== Segment start ==

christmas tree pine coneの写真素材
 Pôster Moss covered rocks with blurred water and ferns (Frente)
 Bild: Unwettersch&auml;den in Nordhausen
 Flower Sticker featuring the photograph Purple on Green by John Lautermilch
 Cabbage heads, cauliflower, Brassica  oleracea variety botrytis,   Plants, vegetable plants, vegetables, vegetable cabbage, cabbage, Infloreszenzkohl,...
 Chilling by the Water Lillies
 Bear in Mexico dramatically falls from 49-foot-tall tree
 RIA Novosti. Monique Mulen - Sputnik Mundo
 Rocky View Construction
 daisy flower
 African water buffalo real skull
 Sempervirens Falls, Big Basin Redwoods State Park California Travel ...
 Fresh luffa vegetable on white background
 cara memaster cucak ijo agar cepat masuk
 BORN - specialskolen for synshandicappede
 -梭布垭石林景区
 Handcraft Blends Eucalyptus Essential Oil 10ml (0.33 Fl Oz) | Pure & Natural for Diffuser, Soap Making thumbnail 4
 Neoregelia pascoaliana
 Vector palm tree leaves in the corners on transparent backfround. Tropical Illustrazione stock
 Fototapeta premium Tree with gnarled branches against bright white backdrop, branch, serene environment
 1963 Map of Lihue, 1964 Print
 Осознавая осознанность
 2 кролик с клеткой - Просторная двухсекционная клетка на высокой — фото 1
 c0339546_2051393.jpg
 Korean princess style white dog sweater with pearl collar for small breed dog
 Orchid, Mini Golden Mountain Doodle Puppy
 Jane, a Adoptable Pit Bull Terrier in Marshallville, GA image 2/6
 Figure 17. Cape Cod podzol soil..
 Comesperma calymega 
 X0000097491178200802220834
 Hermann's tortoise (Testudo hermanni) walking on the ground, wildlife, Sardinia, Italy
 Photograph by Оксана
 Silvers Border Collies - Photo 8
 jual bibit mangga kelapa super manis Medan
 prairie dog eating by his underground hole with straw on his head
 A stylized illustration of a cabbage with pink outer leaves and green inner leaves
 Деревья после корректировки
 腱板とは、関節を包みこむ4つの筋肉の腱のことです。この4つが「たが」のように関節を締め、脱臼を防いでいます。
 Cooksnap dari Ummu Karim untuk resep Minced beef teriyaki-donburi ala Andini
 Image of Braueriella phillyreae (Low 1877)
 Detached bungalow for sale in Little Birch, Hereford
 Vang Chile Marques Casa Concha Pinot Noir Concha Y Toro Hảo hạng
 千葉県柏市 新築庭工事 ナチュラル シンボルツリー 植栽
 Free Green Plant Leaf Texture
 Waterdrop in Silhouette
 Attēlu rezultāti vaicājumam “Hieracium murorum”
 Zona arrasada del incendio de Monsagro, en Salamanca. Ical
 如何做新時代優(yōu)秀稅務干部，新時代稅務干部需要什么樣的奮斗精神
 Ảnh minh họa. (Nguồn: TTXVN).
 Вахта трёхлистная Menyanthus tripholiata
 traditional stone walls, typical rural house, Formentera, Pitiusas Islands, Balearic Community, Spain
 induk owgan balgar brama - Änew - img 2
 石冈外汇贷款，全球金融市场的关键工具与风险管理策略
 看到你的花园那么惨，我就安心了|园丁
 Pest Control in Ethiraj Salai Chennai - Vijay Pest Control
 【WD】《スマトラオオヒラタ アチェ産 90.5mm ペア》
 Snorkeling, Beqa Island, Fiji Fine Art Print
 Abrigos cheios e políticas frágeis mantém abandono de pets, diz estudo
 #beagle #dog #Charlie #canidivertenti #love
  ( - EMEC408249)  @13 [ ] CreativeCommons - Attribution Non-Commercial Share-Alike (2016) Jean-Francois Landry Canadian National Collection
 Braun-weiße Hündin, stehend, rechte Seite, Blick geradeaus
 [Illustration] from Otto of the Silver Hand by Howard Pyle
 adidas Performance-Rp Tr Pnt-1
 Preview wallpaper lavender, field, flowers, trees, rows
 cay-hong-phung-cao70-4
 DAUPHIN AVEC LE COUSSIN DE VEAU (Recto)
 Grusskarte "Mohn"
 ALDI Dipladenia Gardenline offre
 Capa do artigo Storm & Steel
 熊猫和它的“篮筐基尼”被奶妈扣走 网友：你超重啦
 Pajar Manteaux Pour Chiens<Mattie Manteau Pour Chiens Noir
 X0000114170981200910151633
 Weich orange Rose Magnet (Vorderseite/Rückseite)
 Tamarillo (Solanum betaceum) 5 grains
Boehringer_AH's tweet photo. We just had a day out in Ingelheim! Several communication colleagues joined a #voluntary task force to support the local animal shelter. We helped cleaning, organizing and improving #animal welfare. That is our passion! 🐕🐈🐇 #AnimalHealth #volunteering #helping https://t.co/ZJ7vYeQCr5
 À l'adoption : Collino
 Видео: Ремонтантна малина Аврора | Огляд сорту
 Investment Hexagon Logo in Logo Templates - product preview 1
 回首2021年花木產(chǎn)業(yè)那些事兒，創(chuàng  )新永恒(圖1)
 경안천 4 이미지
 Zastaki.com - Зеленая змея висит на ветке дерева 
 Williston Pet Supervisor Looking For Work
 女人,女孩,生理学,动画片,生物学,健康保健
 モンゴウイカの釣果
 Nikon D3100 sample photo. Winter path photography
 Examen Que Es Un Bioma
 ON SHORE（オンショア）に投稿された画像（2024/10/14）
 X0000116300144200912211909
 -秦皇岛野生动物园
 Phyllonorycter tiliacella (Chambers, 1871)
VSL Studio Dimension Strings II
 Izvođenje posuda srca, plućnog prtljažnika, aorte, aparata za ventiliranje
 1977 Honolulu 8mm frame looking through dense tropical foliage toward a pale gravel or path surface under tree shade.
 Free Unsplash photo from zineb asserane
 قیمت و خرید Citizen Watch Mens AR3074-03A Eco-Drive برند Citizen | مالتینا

== Segment end ==

• _Aim of the exercise_
Every line above from the line with "2 кролик с клеткой" to the line with "A stylized illustration" is wanted, ends included; write them out exactly and add no other line.

• _Solution to the problem_
 2 кролик с клеткой - Просторная двухсекционная клетка на высокой — фото 1
 c0339546_2051393.jpg
 Korean princess style white dog sweater with pearl collar for small breed dog
 Orchid, Mini Golden Mountain Doodle Puppy
 Jane, a Adoptable Pit Bull Terrier in Marshallville, GA image 2/6
 Figure 17. Cape Cod podzol soil..
 Comesperma calymega 
 X0000097491178200802220834
 Hermann's tortoise (Testudo hermanni) walking on the ground, wildlife, Sardinia, Italy
 Photograph by Оксана
 Silvers Border Collies - Photo 8
 jual bibit mangga kelapa super manis Medan
 prairie dog eating by his underground hole with straw on his head
 A stylized illustration of a cabbage with pink outer leaves and green inner leaves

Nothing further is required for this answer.